Yep, but you could make the argument that the caribbean's recent history and fractured economy is far more shaped by slavery, human misery and the role of Britain than Wales has been influenced by England. Independence came and indentured workers were freed only in the last generation. I'd say that gives them as much, if not more, of a spur to dislike the English/British.

It's a bit of an arbitrary argument, but the point remains that it seems a weakness for a country to define themselves so strongly by their dislike of their neighbour. More national pride, less thinking about others.


----------



## bendeus (Feb 17, 2009)

tarannau said:


> Yep, but you could make the argument that the caribbean's recent history and fractured economy is far more shaped by slavery, human misery and the role of Britain than Wales has been influenced by England. Independence came and indentured workers were freed only in the last generation. I'd say that gives them as much, if not more, of a spur to dislike the English/British.
> 
> It's a bit of an arbitrary argument, but the point remains that it seems a weakness for a country to define themselves so strongly by their dislike of their neighbour. More national pride, less thinking about others.

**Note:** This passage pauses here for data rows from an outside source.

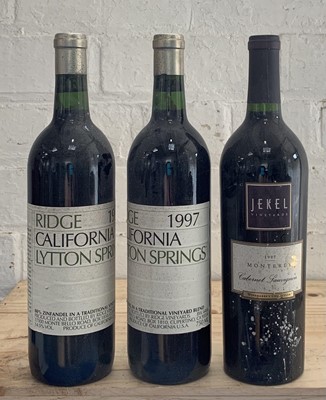 Lot 144 - 3 Bottles Fine Californian Estate Reds
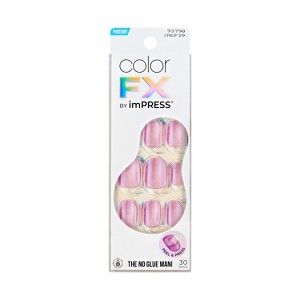 KISS Products colorFX by imPRESS Press-On Manicure Fake Nails - Short Squoval - Starry - 30ct - 1 of 4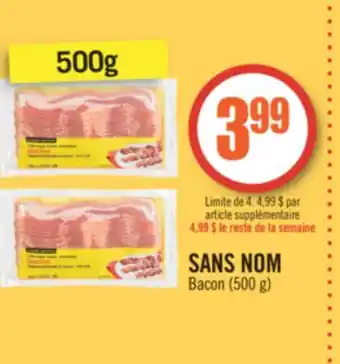 Pharmaprix No name bacon offer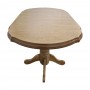 Set masa living SR Zork plus 6 scaune SR Rim stejar sonoma, 74x90x160/200 cm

I can understand your point. When I worked in Eritrea just after independence, I was amazed by the lack of rancour felt and shown by the average Eritrean towards their Ethiopian neighbours, that's in spite of 50 years of brutal repression, torture, extrajudicial killings, scorched earth policies, napalm, rape and other assorted atrocities. There's no doubt that the Welsh hate the English far more than the Eritreans the Ethiopians (at least when I was there), and for far less (contemporary) reason.

The problem, I would say, lies in a hypersensitivity towards being patronised, dismissed, ignored or regarded as 'lesser' (something the English media and political class, if no-one else, are very good at). This in turn plays on a sense of historical injustice which, to a greater degree, has some foundation. 

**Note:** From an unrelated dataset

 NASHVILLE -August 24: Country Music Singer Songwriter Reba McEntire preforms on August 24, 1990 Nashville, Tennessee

Anyways, this thread should be about what we love about being Welsh, but unfortunately the old issue of anti-Englishness has once again raised its head.

I'll get me deckchair


----------



## tarannau (Feb 17, 2009)

bendeus said:


> The problem, I would say, lies in a hypersensitivity towards being patronised, dismissed, ignored or regarded as 'lesser' (something the English media and political class, if no-one else, are very good at). This in turn plays on a sense of historical injustice which, to a greater degree, has some foundation.

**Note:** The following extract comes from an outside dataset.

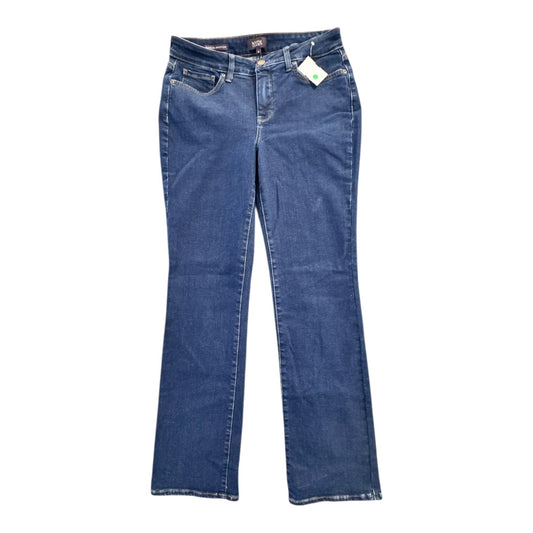 Jeans Straight By Not Your Daughters Jeans In Blue Denim, Size:8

But doesn't that seem a little bit of a national obsession and sign of weakness to you? Hypersensitivity in adults makes me want to pat the person on the head and say 'bless' in extra-patronising tones.

I like my Welsh roots, but the whole anti-English thing strikes me as an insecure failing rather than an indication of real national pride. Give it up.


----------



## bendeus (Feb 17, 2009)

R.S. Thomas said:
			
		

> Welsh History
> 
> We were a people taut for war; the hills
> Were no harder, the thin grass
> ...



.


----------



## bluestreak (Feb 17, 2009)

A great poem, that.


----------



## bendeus (Feb 17, 2009)

tarannau said:


> But doesn't that seem a little bit of a national obsession and sign of weakness to you? Hypersensitivity in adults makes me want to pat the person on the head and say 'bless' in extra-patronising tones.
> 
> I like my Welsh roots, but the whole anti-English thing strikes me as an insecure failing rather than an indication of real national pride. Give it up.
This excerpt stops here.